The death toll from a series of devastating tornadoes that struck the United States this week has climbed to at least 291 and is likely to rise further, according to officials, given that many of those missing are still not accounted for.
As the black, funnel-shaped storms wreaked havoc across a number of states on Wednesday, including Alabama, Georgia, Mississippi, Kentucky and Tennessee, thousands were injured and left homeless and more than a million people were without power even on Friday. The U.S. Federal Emergency Management Agency (FEMA) swung into top gear immediately and President Barack Obama has promised a strong federal response.
In a statement he said, “Michelle and I extend our deepest condolences to the families of those who lost their lives because of the tornadoes that have swept through Alabama and the south-eastern U.S. Our hearts go out to all those who have been affected by this devastation, and we commend the heroic efforts of those who have been working tirelessly to respond to this disaster.”
Mr. Obama, who is scheduled to travel to one of the worst hit areas, in Tuscaloosa, Alabama, said that he had spoken with Alabama Governor Robert Bentley and quickly approved his request for emergency federal assistance, including search and rescue assets.

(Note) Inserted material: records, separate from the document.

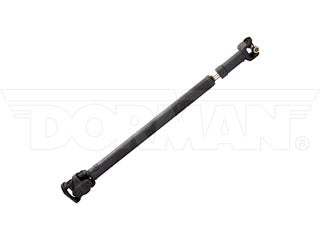 Dorman 946-921 Drive Shaft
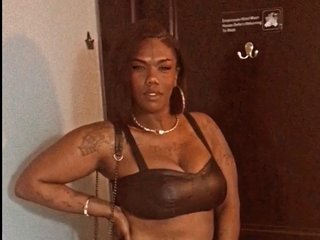 AuthenticallyRose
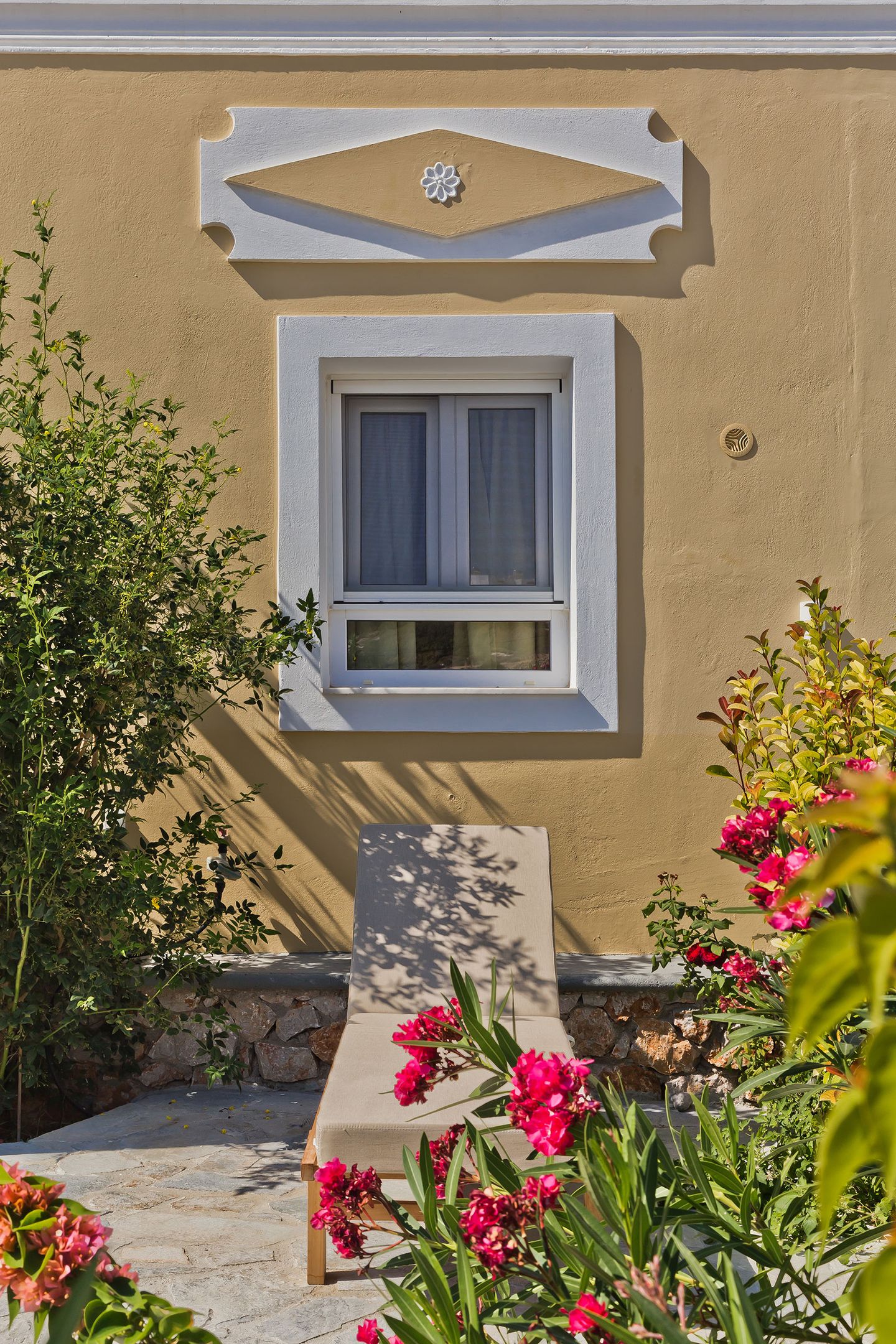 Elaia Villas Karpathos - 127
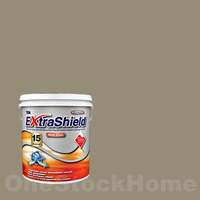 จำหน่าย TOA 8455 สีเอ็กซ์ตร้าชิลด์ TOA ทนชื้น | OneStockHome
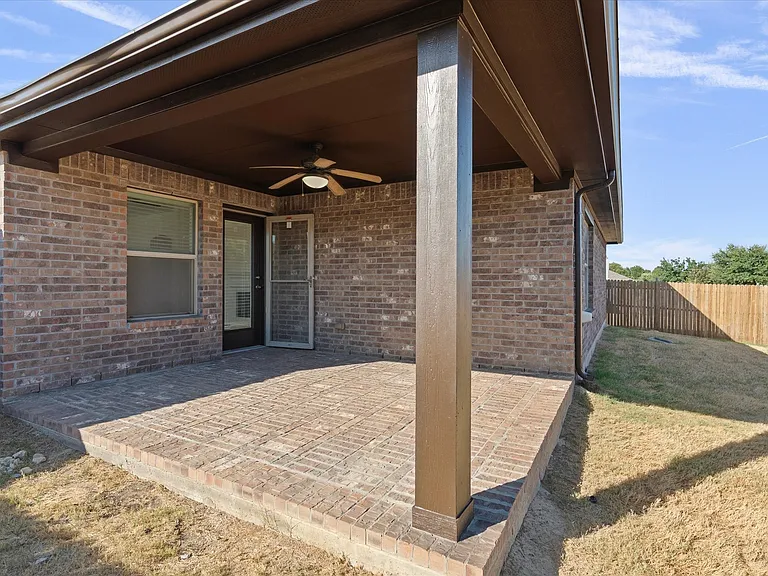 3500 Durango Root Ct — Photo 39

“While we may not know the extent of the damage for days, we will continue to monitor these severe storms across the country and stand ready to continue to help the people of Alabama and all citizens affected by these storms,” Mr. Obama said.
The storms were said to be the worst in U.S. history since 1974, when tornadoes killed 315 people. This week the death toll in Tuscaloosa alone was 36, while 33 people were reported killed in Tennessee, 33 also in Mississippi, 15 people in Georgia, five in Virginia and one in Kentucky, according to media sources.
One volunteer search and rescue worker, Israel Partridge, was quoted as saying, “It looks like something just washed parts of the town off the map... Whole subdivisions, where there were 20 or 30 houses, there is nothing left. It is just totally gone.”
Underscoring the unanticipated intensity of the tornadoes Susan Cobb, a spokeswoman for the National Oceanic and Atmospheric Administration, said, “This happens so rarely, we do not really have a context for it. This many tornadoes on such a wide scale is overwhelming.”